Municipalities with a population of more than 100,000 people are required to provide curbside recycling. No resident of Nevada is required to participate.
Sturtevant said Nevada communities which do recycle – including Carson City, Reno, Sparks, Incline Village, Las Vegas, Henderson and Boulder City – participate at more than a 50 percent rate.
Bill Fields, in charge of recycling for Capital Sanitation in Carson City, said residents there participate at about 62 percent. Carson City takes all of its recyclable materials to RSW Recycling (Reno, Sparks, Washoe Recycling) through Reno Disposal, where it is shipped out to different markets.
There are several ways to handle curbside recycling, Fields said, but Carson City emulates Reno’s plan because Reno’s recycling plant is used. Recyclable materials are collected once every two weeks, and paper, plastic, glass, newspapers, cardboard and more can be recycled.

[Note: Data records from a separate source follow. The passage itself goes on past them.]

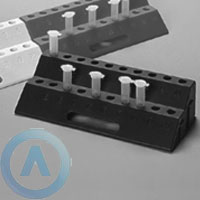 Красный лабораторный штатив с матрицей 2×10 для микропробирок, ПП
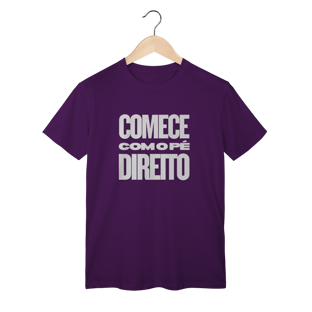 Nome do produtoCamisa MASC Comece com o Pé Direito | Um Patriota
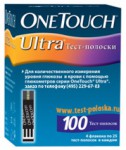 Тест-полоски, OneTouch (УанТач) 100 шт ультра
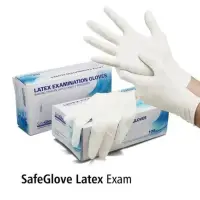 在飛比找蝦皮購物優惠-Putih gloves 安全手套乳膠乳膠橡膠白色 s M 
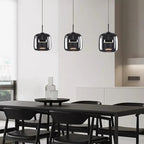 Integrated LED Heat-Resistant Glass Pendant Light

Currently, locations for recycling are available in Douglas County. Sturtevant said Douglas Disposal has recycling available to those who want to bring their materials in. Also, trailers are placed at Silver City RV park and at Holbrook Junction a couple times a month.
Sturtevant’s said the state of Nevada calculates the percentage of material which gets recycled in Nevada and in individual counties. For 1996, of all the trash produced in Nevada, 15 percent of it is recycled. The number is up from previous years, but the state’s goal is 25 percent.

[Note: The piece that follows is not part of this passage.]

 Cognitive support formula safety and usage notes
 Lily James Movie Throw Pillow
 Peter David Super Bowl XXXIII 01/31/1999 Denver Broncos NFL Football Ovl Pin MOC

The United State’s overall recycling rate has grown from 11 percent to 27 percent in the last 10 years.
Sturtevant said the information received from Douglas County is incomplete. Therefore, according to state reports, Douglas County recycled only 2.24 percent of its trash in 1996. She said she believes Douglas County’s rate is higher than that, and believes the county has the potential for much more.
Washoe County had a rate of 17.61 percent, the highest in the state; Carson City had a rate of 13.55 percent.

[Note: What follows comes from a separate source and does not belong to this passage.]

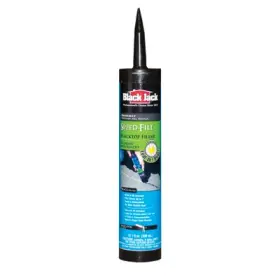 6439-9-66 Black Jack 12 Pack - Speed Seal Blacktop Crack Filler 10-oz
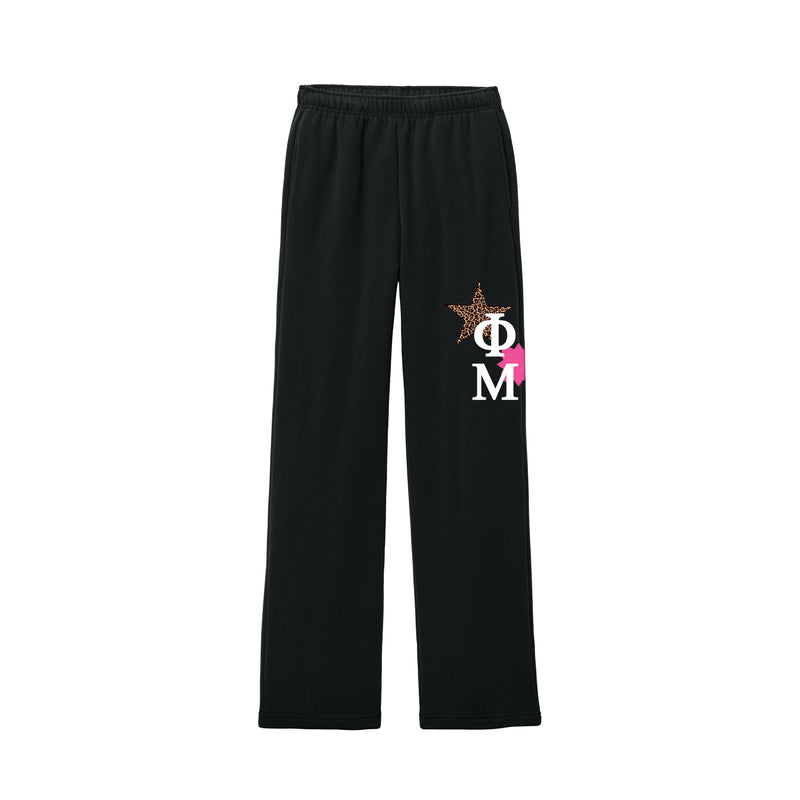 Phi Mu Luxe Fleece Straight Leg Sweats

Sturtevant said the key to increasing recycling isn’t necessarily getting more residents to recycle through a curbside program. Having businesses recycle more will make the most impact. Businesses which do recycle save money because they decrease waste.
One of the difficulties in encouraging recycling in Nevada, according to Sturtevant, is that the state has a significant amount of space which could be used for landfills.
“In the East, and in the Midwest, the states have so many people and such little space,” she said. “We have few people and lots of space. But just because we have the space, it doesn’t mean we should fill it with trash.”
The price of curbside recycling could vary significantly, depending on factors such as how often the trash is collected, equipment used, manpower, transfer of the materials and preparation before transfer.
“There’s definitely costs involved,” Sturtevant said. “If that’s what people want, they may end up paying for it, too.”
State money is available to the county to help. Sturtevant said Douglas County is eligible to receive $15,000 a year from the state to help in recycling.
“The state is willing to help as much as we can,” she said. “We can’t go out and fund the whole thing, but that’s a start.”
But although both the Minden and Gardnerville town boards have discussed the idea recently, neither feels it is a feasible option at this point.
“We do have a lot of people ask us about it (curbside recycling),” said Hill, “We’re looking at ways to accommodate those people without spending a lot of money.”
Gardnerville’s board also recognizes recycling’s importance.
“We’ve talked about it a lot,” Pettitt said. “At this point in time, the board doesn’t feel Gardnerville can do it on its own.”